In fact, visual images can be — and frequently are — interpreted as signals and represented as sums of frequencies. In such cases, the different frequencies can also be represented as atoms in a dictionary. Each atom simply consists of alternating bars of light and dark, with the distance between the bars representing frequency.

The atoms in the Camera Culture Group researchers’ dictionary are similar but much more complex. Each atom is itself a five-by-five grid of 121-pixel blocks. Each block consists of arbitrary-seeming combinations of color: The blocks in one atom might all be green in the upper left corner and red in the lower right, with lines at slightly different angles separating the regions of color; the blocks of another atom might all feature slightly different-size blobs of yellow invading a region of blue.

Behind the mask

In building their dictionary of atoms, the Camera Culture Group researchers — Marwah, Wetzstein, Raskar, and Yosuke Bando, a visiting scientist at the Media Lab — had two tools at their disposal that Joseph Fourier, working in the late 18th century, lacked: computers, and lots of real-world examples of light fields.

To build their dictionary, they turned a computer loose to try out lots of different combinations of colored blobs and determine which, empirically, enabled the most efficient representation of actual light fields.

Once the dictionary was built, however, they still had to calculate the optimal design of the mask they use to record light-field information — the patterned plastic film that they slip beneath the camera lens. Bando explains the principle behind mask design using, again, the analogy of Fourier transform.

“If a mask has a particular frequency in the vertical direction” — say, a regular pattern of light and dark bars — “you only capture that frequency component of the image,” Bando says. “So you have no way of recovering the other frequencies.
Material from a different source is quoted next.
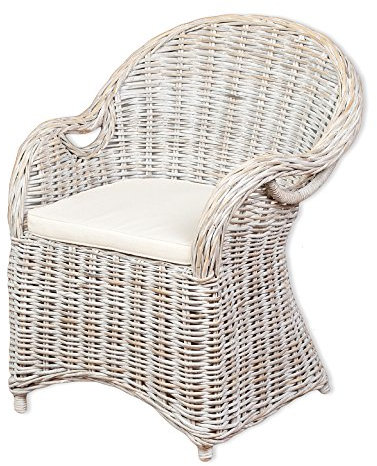 LEBENSwohnART Rattan-Sessel Charlotte White-Washed mit Sitzkissen Stuhl Armlehnstuhl Rattan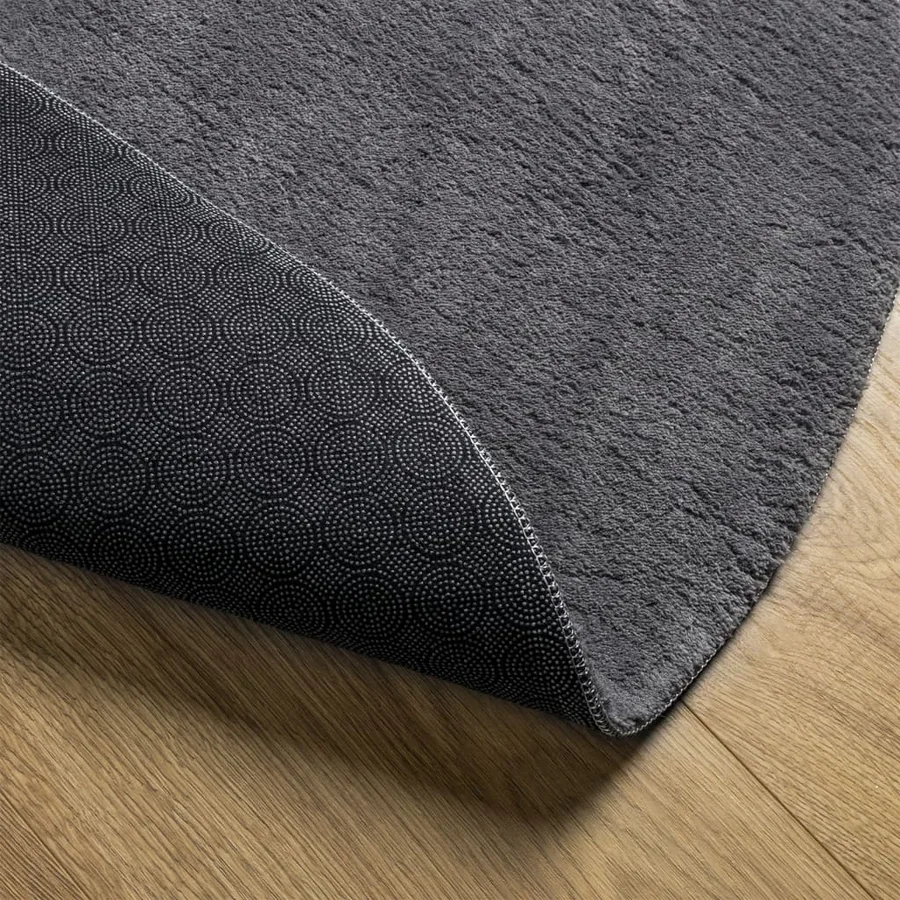 Tapis HUARTE à poils courts doux et lavable anthracite Ø 100 cm - 5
If you use frequency domain reconstruction, the mask should contain every frequency in a systematic manner.”

“Think of atoms as the new frequency,” Marwah says. “In our case, we need a mask pattern that can effectively cover as many atoms as possible.”

“It’s cool work,” says Kari Pulli, senior director of research at graphics-chip company Nvidia. “Especially the idea that you can take video at fairly high resolution — that’s kind of exciting.”

Pulli points out, however, that assembling an image from the information captured by the mask is currently computationally intensive. Moreover, he says, the examples of light fields used to assemble the dictionary may have omitted some types of features common in the real world. “There’s still work to be done for this to be actually something that consumers would embrace,” Pulli says.